Trevor-Roper was a polemicist and essayist on a range of historical topics, but particularly England in the 16th and 17th centuries and Nazi Germany. According to John Philipps Kenyon, "some of [Trevor-Roper's] short essays have affected the way we think about the past more than other men's books". Richard Davenport-Hines and Adam Sisman wrote that "The bulk of his publications is formidable ... Some of his essays are of Victorian length. All of them reduce large subjects to their essence. Many of them ... have lastingly transformed their fields." Conversely, Sisman wrote: "the mark of a great historian is that he writes great books, on the subject which he has made his own. By this exacting standard Hugh failed."
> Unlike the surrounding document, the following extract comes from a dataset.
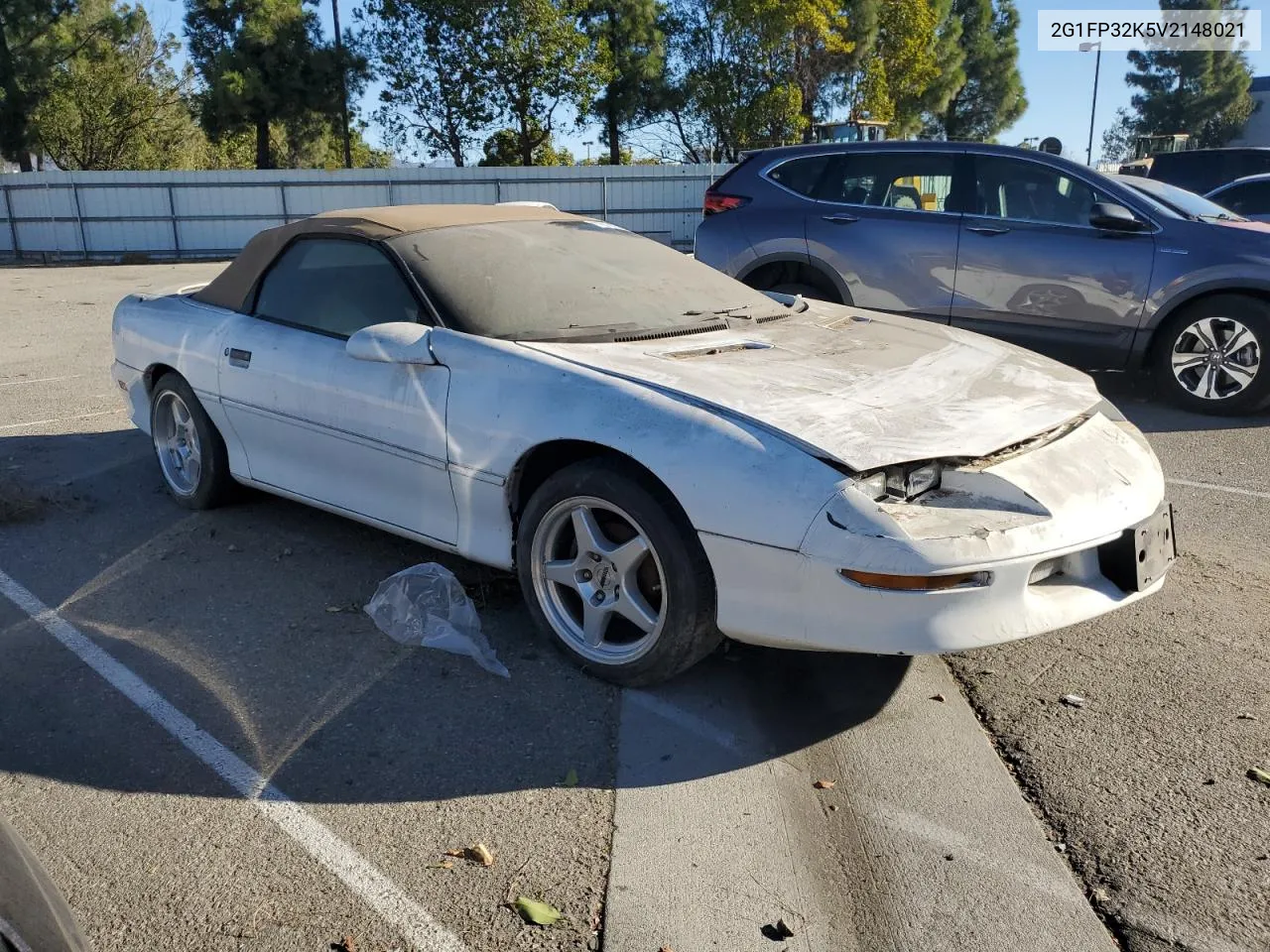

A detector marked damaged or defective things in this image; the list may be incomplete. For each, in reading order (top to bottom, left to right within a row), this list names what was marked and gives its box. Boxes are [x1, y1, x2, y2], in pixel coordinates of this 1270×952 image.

peeling paint on hood [523, 306, 1102, 472]
damaged front bumper [705, 414, 1168, 659] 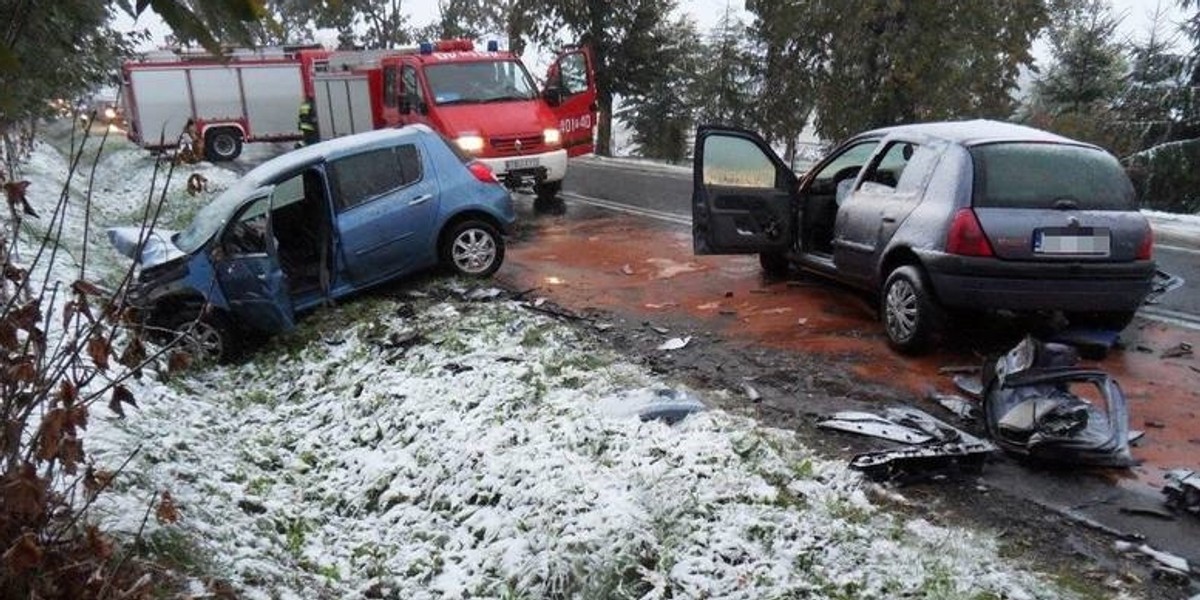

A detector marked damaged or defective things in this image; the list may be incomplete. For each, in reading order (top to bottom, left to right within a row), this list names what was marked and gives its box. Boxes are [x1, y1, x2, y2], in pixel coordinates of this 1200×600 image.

In 1945, British intelligence tasked Trevor-Roper with ascertaining the facts about Adolf Hitler's demise. From interviews with a range of witnesses and study of surviving documents, he concluded in The Last Days of Hitler (1947) that Hitler was dead and had not escaped Berlin.
In 1983, Trevor-Roper's reputation was "severely damaged" when he authenticated the Hitler Diaries shortly before they were shown to be forgeries.
Trevor-Roper was born at Glanton, Northumberland, England, the son of Kathleen Elizabeth Davidson (died 1964) and Bertie William Edward Trevor-Roper (1885–1978), a doctor, descended from Henry Roper, 8th Baron Teynham and second husband of Anne, 16th Baroness Dacre. Trevor-Roper "enjoyed (but not too seriously) ... that he was a collateral descendant of William Roper, the son-in-law and biographer of Sir Thomas More ... as a boy he was aware that only a dozen lives (several of them those of elderly bachelors) separated him from inheriting the Teynham peerage."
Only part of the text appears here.